My Experience with Hearing Loss
Most have absolutely no clue that I have lost the majority of my hearing capabilities, as I’ve adapted well to Hearing Culture, and it hasn’t hindered my successes—albeit occasionally struggling day-to-day. I was raised in a Hearing family, am obtaining my formal collegiate education on an Orally traditional campus, and have learned to work with few accommodations.

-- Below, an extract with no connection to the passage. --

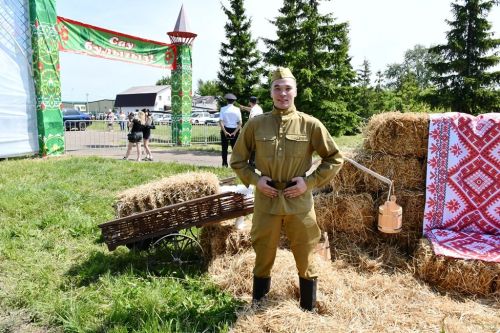 Сабантуй в Лаишево: традиционные подворья и ремесла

Clues to others become apparent when they attempt to have a conversation without direct eye-contact—especially around the office or in class. If I can’t see someone’s face or read body language, I can’t “hear” what is being said. I utilize AHDs (Assisted Hearing Devices) in live-entertainment environments, and need Closed Captioning for most film experiences as SFX has taken precedence over having a camera on an actor’s face during dialogue.
The Art of Makeup
Makeup Artistry is an avenue of artistic expression through its transformative capabilities, and I find my inspiration in couture and fantasy makeup…but not in the process of developing or executing the looks. My inspiration comes from knowing what is going to happen once an individual sees their reflection in the “after” moments of makeup ingenuity—it is always incredibly moving to watch an individual’s reaction to what they see in the mirror, and how suddenly a switch of perspective occurs. To me, this progression of evolution through makeup is absolute magic.

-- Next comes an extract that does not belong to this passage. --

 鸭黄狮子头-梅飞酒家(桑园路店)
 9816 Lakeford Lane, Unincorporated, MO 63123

Makeup artistry, due to being entirely a visual medium, is incredibly accessible to those who are Deafened or Hard of Hearing, and I’d make the case for it being advantageous. With models, I am able to connect very quickly with them as the proximity of the work to the body is obviously close, and being naturally more aware of visual cues means that I’m able to immediately read what is happening in the chair, whether they are nervous or relaxed; unhappy or happy—without a word.
At particularly large gigs, I’ve noticed that while the individuals around me are usually anxious or distracted, I’m usually fairly calm—and it’s because the ambient noise doesn’t distract me, allowing for my creative space to have sustained focus. One of my professional inspirations is Deaf Makeup Artist Tia Albert—you can click here to watch her amazing interview on Deaf Women in Film.
A Hardworking MUA
I am currently employed professionally in the performing arts, and the makeup hustle often bleeds over into my digital communications career. In the past, I’ve been featured on live television doing makeup, and tapped by actors and musicians in my networks to help them with stage-readiness. I’ve been fortunate enough to maintain clients via word-of-mouth—but in order to really maximize business opportunities, I need to dedicate time toward strengthening my social media game and portfolio work.
Admittedly, I have no plans to turn up the heat on self-promotion until my Master Makeup Certification with QCMUA is completed: 40-hours per week at work, full-time college, finishing my makeup certification, and taking on word-of-mouth freelance clients is more than enough work for now, and time will tell what my future holds in the industry.